/Morphological-Character-Hierarchies

Data and code used in my final year project: Morphological Character Hierarchies: A Test of Competing Programmes of Phylogenetic Analysis

Primary LanguageHTML

Morphological Character Hierarchies

Morphological characters often exist in hierarchies whereby the state of one character controls the state of a subset of characters. This violates the assumptions of phylogenetic analysis that characters are independent and applicable to all taxa. As these violations are known to have the possibility of misleading phylogenetic analyses, two programmes, Morphy and Anagallis, have been developed to address the issue of inapplicability by accounting for the violations. The phylogenies produced by Morphy and Anagallis were compared to those of PAUP*, a traditional programme of phylogenetic analysis, to investigate the merit of the new programmes.

This analysis formed my final year project at Imperial College London under the supervision of Dr. Martin Brazeau with additional inputs from Thomas Guillerme, at the University of Sheffield.


Repository Description

In this repository, you can find all the code and data used for the project and this brief description should make it easier to navigate.

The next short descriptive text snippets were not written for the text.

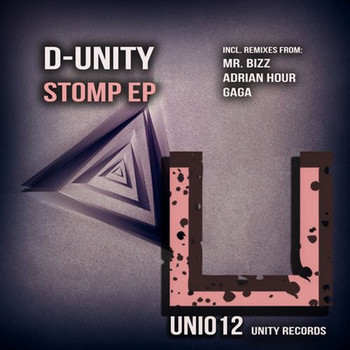 D-Unity - Stomp EP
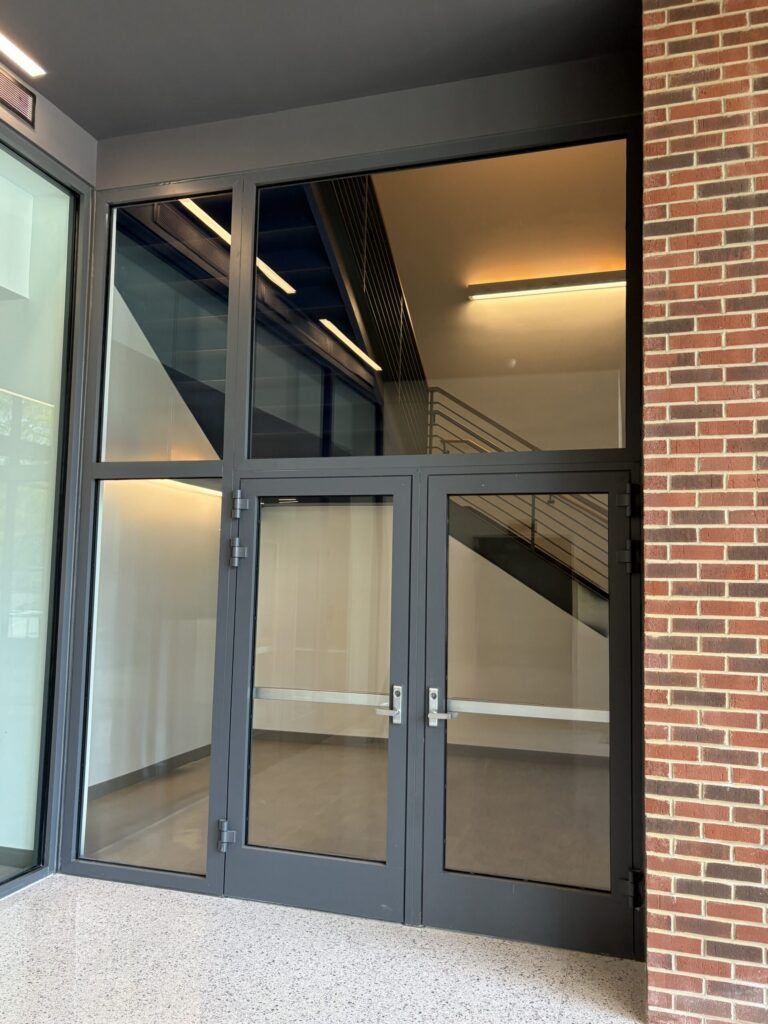 East Tennessee State University – Academic Building.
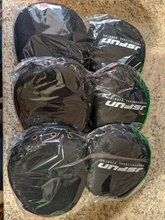 Bolsa EVA portable de carretes de pesca, estuche protector para tambor/giratorio/balsa, bolso de mano, accesorios PJ74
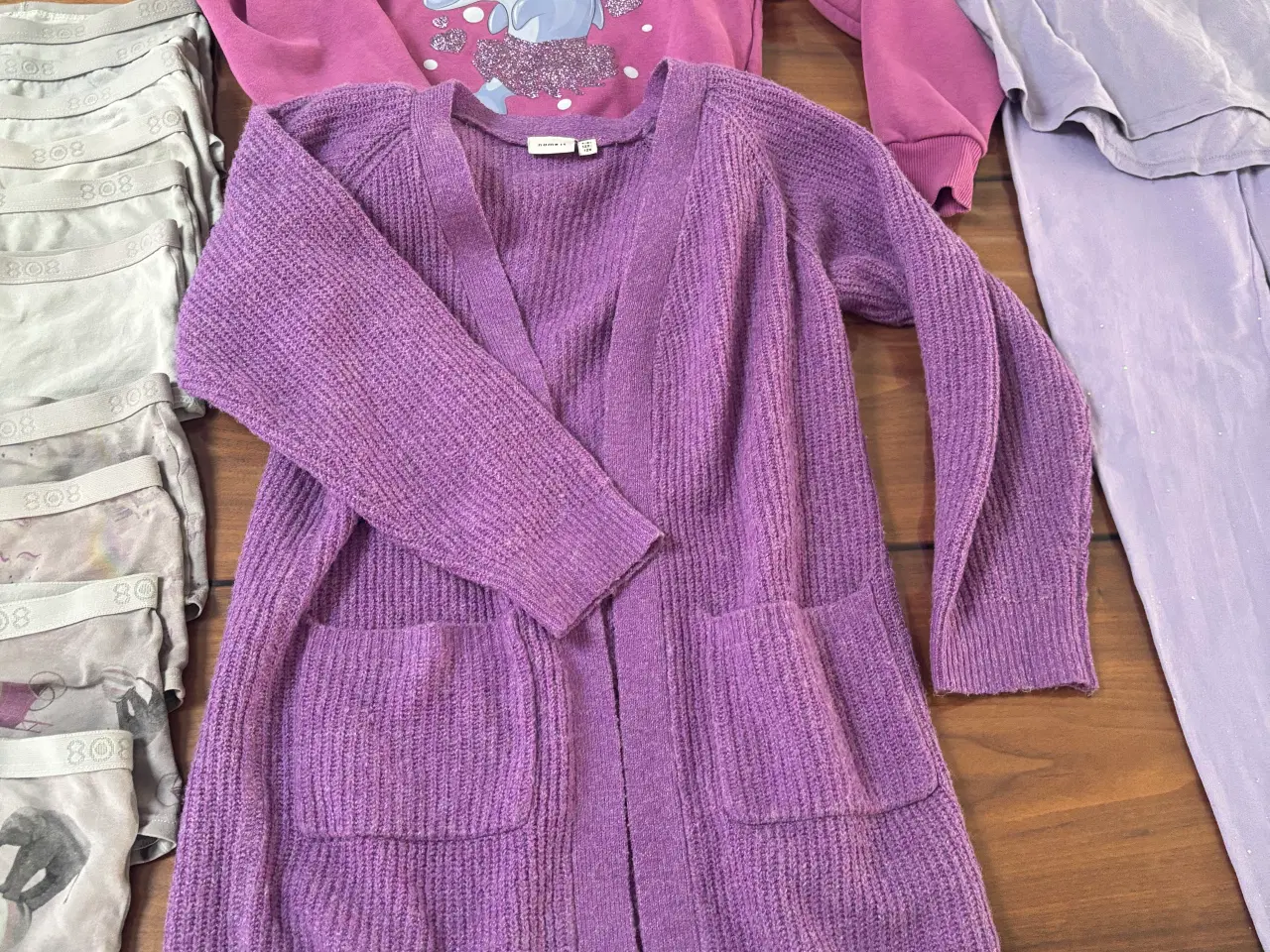 Billede 3 - Pige tøjpakke str 122-128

The files present in the "Data" folder are named after the lead author(s) whose morphological data sets I analysed with PAUP*, Morphy and Anagallis.

Within each of the study folders, you can find character matrices, character lists, files containing the trees found by each programme and the R scripts used to analyse those trees. Files relating to PAUP* are marked "Paup", Morphy marked "Morphy" and Anagallis marked "Ana". Character matrices can be identified by the extensions .nex and .tnt while tree lists contain "tree" in their filenames and have the extension .tre or .nex (files labelled "contree" describe the consensus tree generated by one of the programmes).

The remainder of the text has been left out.